As America votes today, what can be said about this nasty campaign is that it was dangerously disconnected from the actual problems the victor will face.
The textbook version of American democracy holds that elections, by exposing differences of views and values, make governing easier by demonstrating where the weight of public opinion lies. The result is a "mandate" or at least a sense of direction. This has rarely been entirely true, but the gap between political theory and reality seems especially pronounced in 2012.
To state the obvious: The problems confronting the United States are first and foremost economic. There's a triple threat to stronger economic growth. The first stems from the legacy of the 2007-09 financial crisis, which induced households and companies to shed debt and, more important, made both more cautious spenders. The second is an aging population that stunts expansion of the labor force. And finally, chronic deficits — caused increasingly by a surge of promised benefits — imply future spending cuts and/or tax increases, which might dampen economic growth.
Prosperity and political legitimacy feed each other. When people think they're getting ahead, they feel better about their leaders. The reverse is also true. Even before the financial crisis, the U.S. economy was decelerating. From 1991 to 2001, growth averaged 3.2 percent a year; from 2002 to 2011, the pace slipped to 2.3 per cent. When the economy slows, competition for scarce resources quickens. Wages and fringe benefits compete with profits. Guns compete with butter. All groups resist tax increases.
How democracy copes with weaker economic performance is a central question of our time. It's not just American. Europe and Japan — that is, most of the rest of the advanced world — also face aging societies, overcommitted governments and slowing growth. Indeed, pressures elsewhere are greater. In Europe, they're magnified by the euro crisis. Eurozone unemployment is now 11.6 percent. By 2050, Japan's 65-and-over population is projected to reach 40 percent of the total.

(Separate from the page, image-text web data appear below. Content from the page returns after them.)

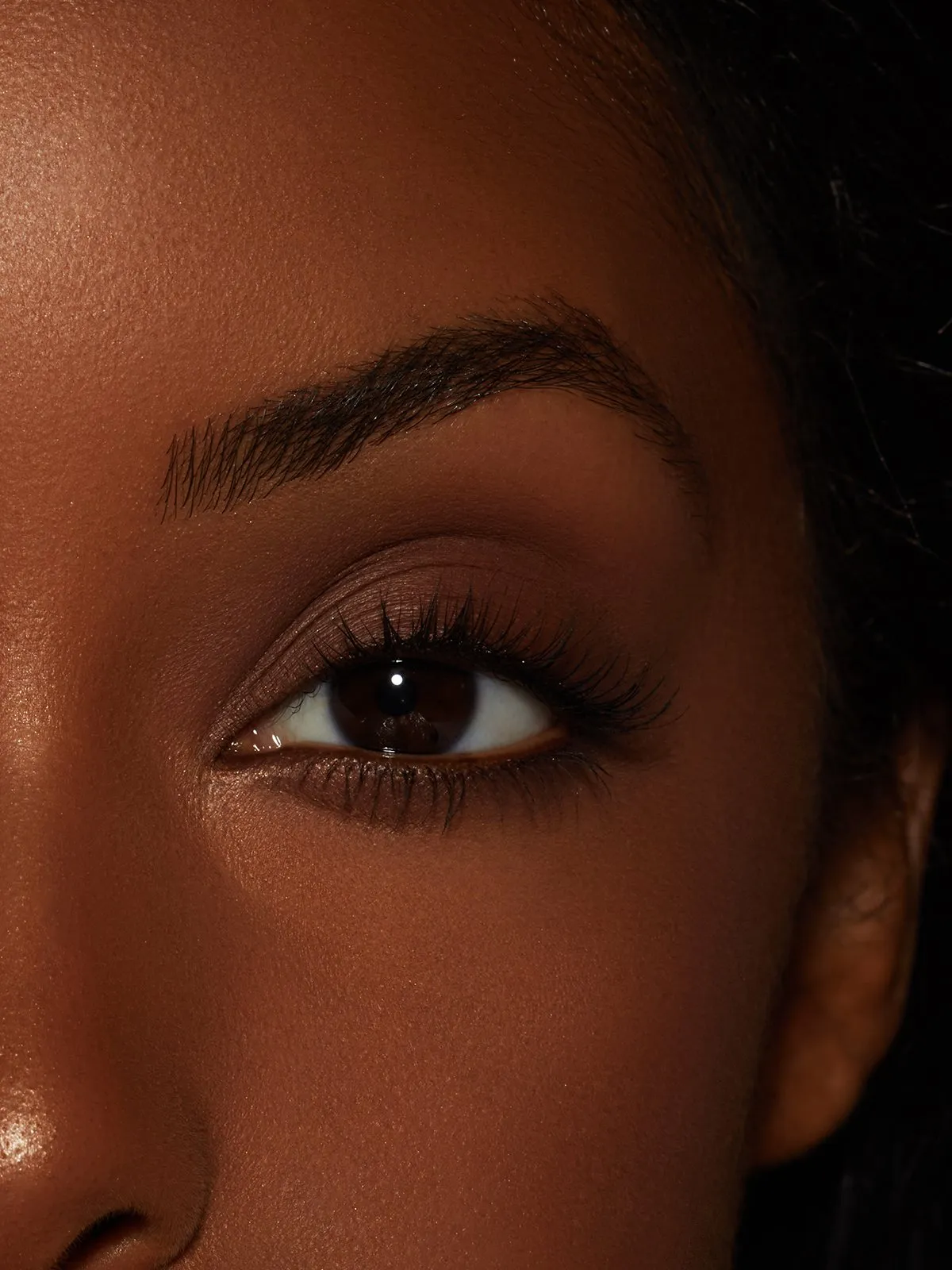 Ebony | Kybrow Kit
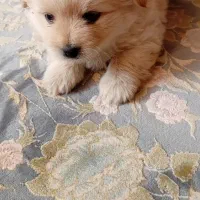 توله اشپیتز پامر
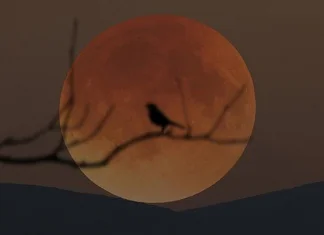 ”Krvavi Mjesec” u petak će izazvati najduže pomračenje u 21. stoljeću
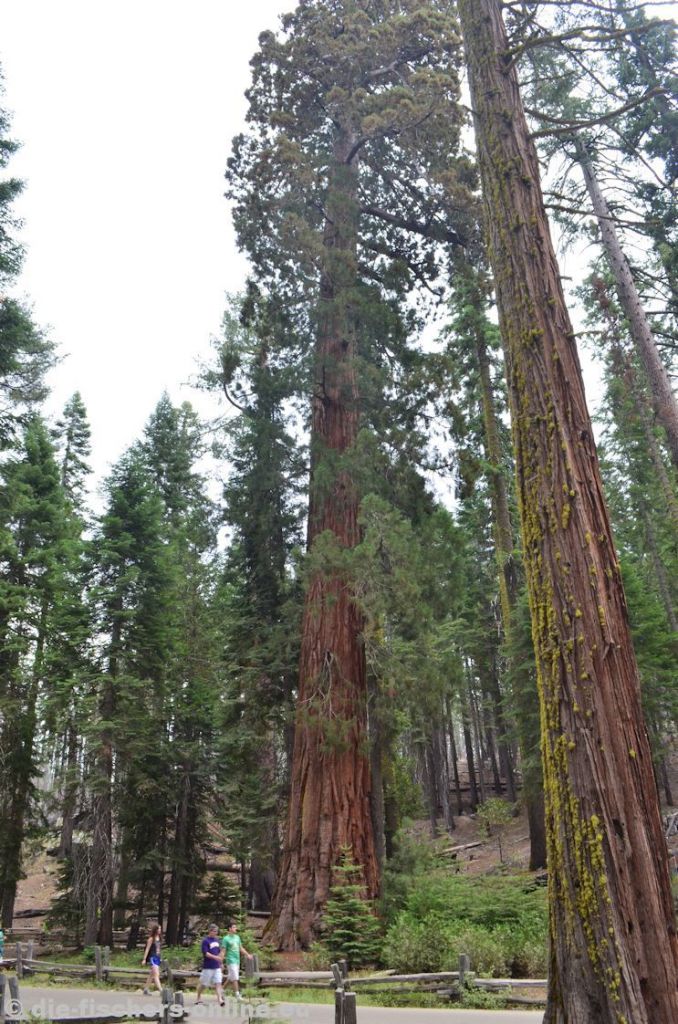 Yosemite: Mammutbäume
Besuch des Mariposa Grove, einem Hain aus etwa 500 Riesenmammutbäumen. Charakteristisch für diese Baumart ist, dass diese das Feuer benötigen, um sich vermehren zu können (die Zapfen öffnen sich erst bei großer Hitze).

For Americans, the global nature of the political challenge means that we can't rely on strong demand from Europe and Japan — buyers of 27 percent of U.S. exports in 2011 — for faster growth. Just the opposite: Their weakness threatens ours.
Generally, what should be done is clear. Government needs to adopt progrowth policies that might cushion — it can't reverse — the economic slowdown. At the same time, it needs to curb some benefits and find ways to pay for the rest. Together, these steps might limit the competition for scarce resources. But of course, there is no consensus on putting these broad generalities into practice. In a better world, the campaign would have focused on rival ideas to do so.
It didn't. A campaign book might be titled "Profiles in Expedience." To win, President Barack Obama and Mitt Romney each seemed willing to say almost anything, no matter how twisted or misleading.
To be sure, broad philosophical differences were clear. Romney is probusiness; Obama is progovernment. And some areas of agreement emerged: developing natural gas reserves, for instance. But mainly Obama and Romney evaded questions central to America's economic future. How big will government grow? Will larger government penalize economic growth? How much will spending on the elderly squeeze other programs? How can health spending (a quarter of federal outlays) be controlled? How should changes be timed to minimize any threat to the recovery?
Although the immediate questions involve the budget and economy, the ultimate consequences are social and geopolitical. Prosperity — more or less of it — affects Americans' pride, confidence, ability to support a strong military and willingness to be a global leader. The questions the candidates avoided remain. They will quickly reassert themselves as Washington confronts the "fiscal cliff" — the roughly $500 billion of spending cuts and tax increases scheduled for early 2013 — and the need to raise the federal debt ceiling.
Whoever wins won't get much help with these problems from public opinion. The campaign has not prepared Americans for the debates and choices that lie ahead. Many may feel bewildered or betrayed. The silence of Obama and Romney followed standard political logic. Because the nation's problems lack painless solutions, the safest course was to avoid them. To practice candor was to court unpopularity. But the price of political expediency may now be paid in diminished public trust and increased odds of stalemate.